Grimes is a case unto himself, having been relieved of duty years before due to sexual pecadillos and who is now a recovering alcoholic maintaining very light legal duties for the downtrodden civilians in his run down neighborhood, aspiring to nothing much better. But Claire's offer, and a certain itchiness to get back into his specialty in the military realm, has him agree to third chair and chief legal tactician on the team. Freeman doesn't have to do much beyond being himself to fulfill the promise of what this is likely to mean to the outcome.
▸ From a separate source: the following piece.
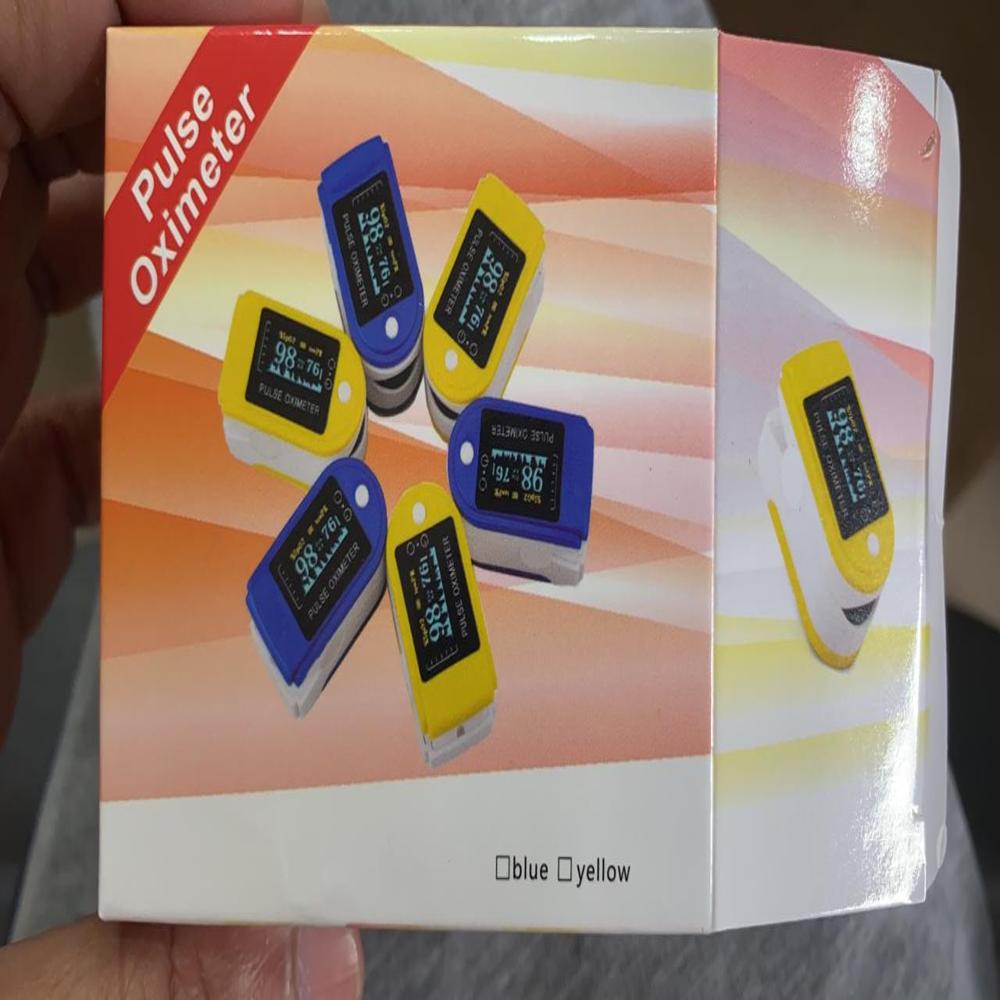 Fingertip Pulse Oximeter - Hospital Grade Material | Compact, Lightweight, Non-invasive Monitoring, Digital Display, Fast Readings, Low Power Consumption, Visual Alarms, Bluetooth Connectivity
Somewhere in here, Claire's errant sister Jackie (gorgeous Amanda Peet), naughty, brash, and irresponsible, comes to complicate matters, like moving in with Claire and bedding the resistable co-counsel Embry. Funny, she didn't seem that desperate.
The first legal moves in the trial convinces us that hubby Tom is being railroaded by some seriously sociopathic military personalities. When he passes a lie detector test, Claire is reassured, but when she learns that he's been trained to do just that, her confidence in him is rocked. So she goes, from one extreme of support for his innocence to another earth shaking crack in the deep love for the man. We, too, are convinced for a time in his rock solidity as an upstanding and moral man who couldn't have pulled that trigger against innocents, only to find a soft spot in the foundations.
Judd and Freeman work well together, as they did in their previous outing. It's interesting how the considerably older Freeman, a rock himself of deep and dependable acting skills, is being found in so many films paired with alluring younger actresses, as in "Along Came a Spider" with Monica Potter and "Moll Flanders" with Robin Wright. Be that as it may, he's always a welcome sight wherever he goes and in whatever vehicle.
But, even he's not enough to elevate this one to anything more than an ordinary melodrama with stifling regimentation and a tad too much "did he or didn't he?". Ashley Judd's passionate strength, while producing moments of convincing emotional involvement, lacks the natural heft for the required elevation over the dramatic listlessness. It's not a terrible evening's entertainment, but it registers little more than a junior pay grade in the hierarchy of what's out there to see. We look for better from all concerned.
Estimated cost: $45,000,000. Projected U.S. boxoffice: $42,000,000.